Zonguldak’ta TTK’nın maden sahalarından kiralama usulüyle kömür üreten özel şirketler yıl sonu itibariyle işçilerine çıkış verip madenlere kilit vuracak.

Soma’da yaşanan ve 301 işçinin hayatına mal olan maden kazasının ardından çıkartılan Torba Yasa en çok Zonguldak kömür havzasını etkiledi. Türkiye Taşkömürü Kurumu’na ait maden sahalarından kiralama usulüyle kömür üreten firmalar üretimi durdurma kararı aldı.

Çalışma ve İş-Kur İl Müdürlüğü’ne verilen dilekçe ile birlikte işçilerine çıkış veren firmalar hükumet tarafından iyileştirilme yapılmaması halinde kömür üretimine son verecek.

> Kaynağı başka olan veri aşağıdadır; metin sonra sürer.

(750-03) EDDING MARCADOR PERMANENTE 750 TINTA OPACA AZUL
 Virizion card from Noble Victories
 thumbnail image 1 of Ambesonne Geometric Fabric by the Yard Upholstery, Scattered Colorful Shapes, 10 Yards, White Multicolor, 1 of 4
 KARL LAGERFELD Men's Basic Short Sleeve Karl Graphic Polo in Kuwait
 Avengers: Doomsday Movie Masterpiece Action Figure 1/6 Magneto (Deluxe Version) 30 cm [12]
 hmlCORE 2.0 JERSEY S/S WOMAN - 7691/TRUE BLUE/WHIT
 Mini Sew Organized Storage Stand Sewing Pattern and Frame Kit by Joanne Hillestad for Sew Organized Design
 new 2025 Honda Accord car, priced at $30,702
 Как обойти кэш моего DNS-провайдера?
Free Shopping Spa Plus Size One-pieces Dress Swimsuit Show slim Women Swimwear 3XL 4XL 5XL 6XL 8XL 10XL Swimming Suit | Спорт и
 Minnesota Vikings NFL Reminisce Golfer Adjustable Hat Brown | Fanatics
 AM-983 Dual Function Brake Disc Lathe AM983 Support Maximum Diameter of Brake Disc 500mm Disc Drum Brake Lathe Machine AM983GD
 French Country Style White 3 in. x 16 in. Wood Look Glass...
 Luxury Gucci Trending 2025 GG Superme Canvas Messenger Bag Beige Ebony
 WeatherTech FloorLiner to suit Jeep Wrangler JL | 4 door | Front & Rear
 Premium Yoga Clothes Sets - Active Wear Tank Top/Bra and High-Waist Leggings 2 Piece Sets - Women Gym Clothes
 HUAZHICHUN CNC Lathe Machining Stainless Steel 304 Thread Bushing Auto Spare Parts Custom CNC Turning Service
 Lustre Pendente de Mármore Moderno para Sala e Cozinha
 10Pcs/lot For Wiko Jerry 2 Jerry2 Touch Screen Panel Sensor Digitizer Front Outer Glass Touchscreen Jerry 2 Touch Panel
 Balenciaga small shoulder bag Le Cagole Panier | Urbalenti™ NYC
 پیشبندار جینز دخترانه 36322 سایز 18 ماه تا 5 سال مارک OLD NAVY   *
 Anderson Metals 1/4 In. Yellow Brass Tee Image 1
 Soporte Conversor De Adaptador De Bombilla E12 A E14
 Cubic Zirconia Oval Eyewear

Son yıllardaki olumsuz gelişmelerin ardından 5 bine yakın göç veren şehir, yeni bir göç dalgası karşısında olumsuz etkilenecek.

TTK’nın sahalarında redevans usulüyle işçi çalıştıran 22 özel şirketten geriye kalan 18’i de yıl sonu itibariyle maden ocaklarına kilit vuracak.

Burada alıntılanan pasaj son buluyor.